Fifa serisinde 99 un basarisina yaklasan bir diger yil da 2007dir. Ama 99 zirvede tek basinadir tipki introsunda stada tirmanip adriaaaann diye bagiracak gibi hareketler yapan oyuncusu gibi.
a ile girdin mi en iyi sarı kart en kötü kırmızı karttan ceza yediğin efsane oyun.
amatör, pro ve world class olarak üç zorluk derecesi vardı.
world class'ta oynamak hayaldi. tabi abim gibi hayvan değilseniz. gol atmak normal şartlarda mümkün değildi. sistemin açığını bulmanız lazımdı. abimin buluşu şu yöndeydi. world class'ı seçince kaleci genellikle "a" ile atışı yapardı yani ayak yerine el ile kendi oyuncusuna ilk pası atmaya çalışırdı. bunu sonradan sonraya fark eden abim artık ilk vuruşlarda kalecinin ne çok dibinde ne çok uzağında orta bir yerde konum belirlerdi. çok dibinde durursanız ayak ile oyuna başlardı kaleci. açılırsanız da elle. bu açığı yakalayan abim artık kendince bir konum belirleyip kalecinin elle attacağı yeri tahmin ederek o yöne doğru kaleci atışı yapmadan bir saniye öncesinde random koşu yapardı ve kaleci o yöne doğru atarsa top direk abimin oyuncusunun ayağına gelirdi. gelir gelmez vurduğunuz vakit kalecinin yetişme imkanı olmuyordu zaten. "s" ile yerden plase vuruş her zaman isabet demekti.
vay be. heyecanlandım lan. 14 inç leş monitörde zevkle izlerdim abimi. oda beni starcraft'ta izlerdi gerçi. spor oyunlarını sevmezdim. buda böyle bir anımdır.
ilk kez, 1999 yılında bir akrabamın bilgisayarında oynamıştım.
O zamanlar oyuncular, sanki kasaptan çıkan etlerin ucuca eklenmiş hali gibiydi.
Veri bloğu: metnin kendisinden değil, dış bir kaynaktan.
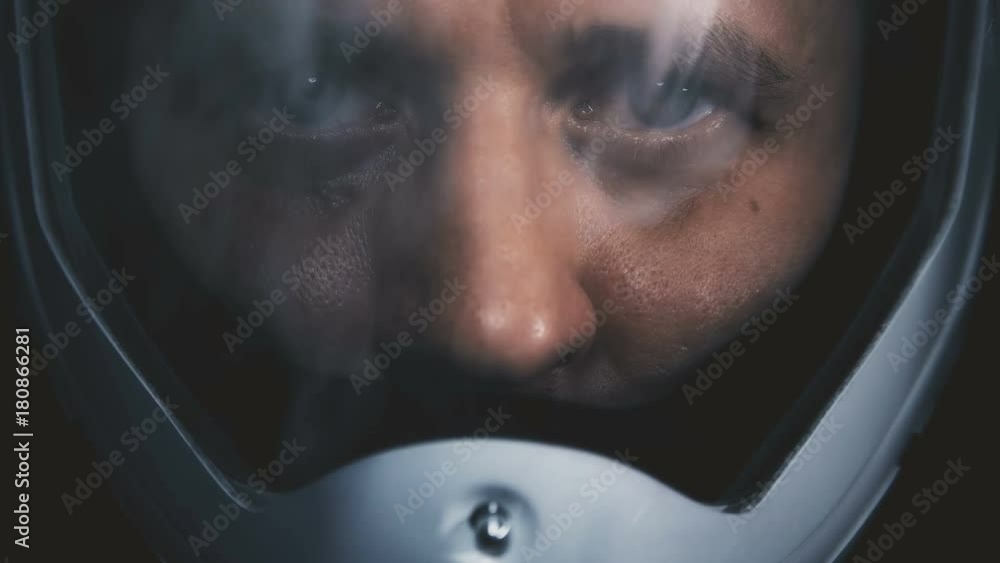 man in protective helmet,suit, close-up,smokescreen man in protective helmet,suit, close-up,smokescreen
Hatta Kimi oyuncular kendisinden başka herkese benzerdi. ama on numara oyundu..
Şimdi düşününce tuhaf geliyor..
18 sene geçmiş neredeyse..
Efsane sevdiğim bir oyundu.
Kendi takımımızı bile yapabiliyorduk. Hele ki forma yapmak süperdi. Hırvatistan formasına benzer damalı forma güzel oluyordu.
Eğlencesi ise ufo olayıydı.
Kornerden gol atmak nefes almak kadar kolaydı. https://galeri.uludagsozluk.com/r/1989521/+
intro müziği ise yıllarca bayıldığım bir müzikti. insanı coşturur.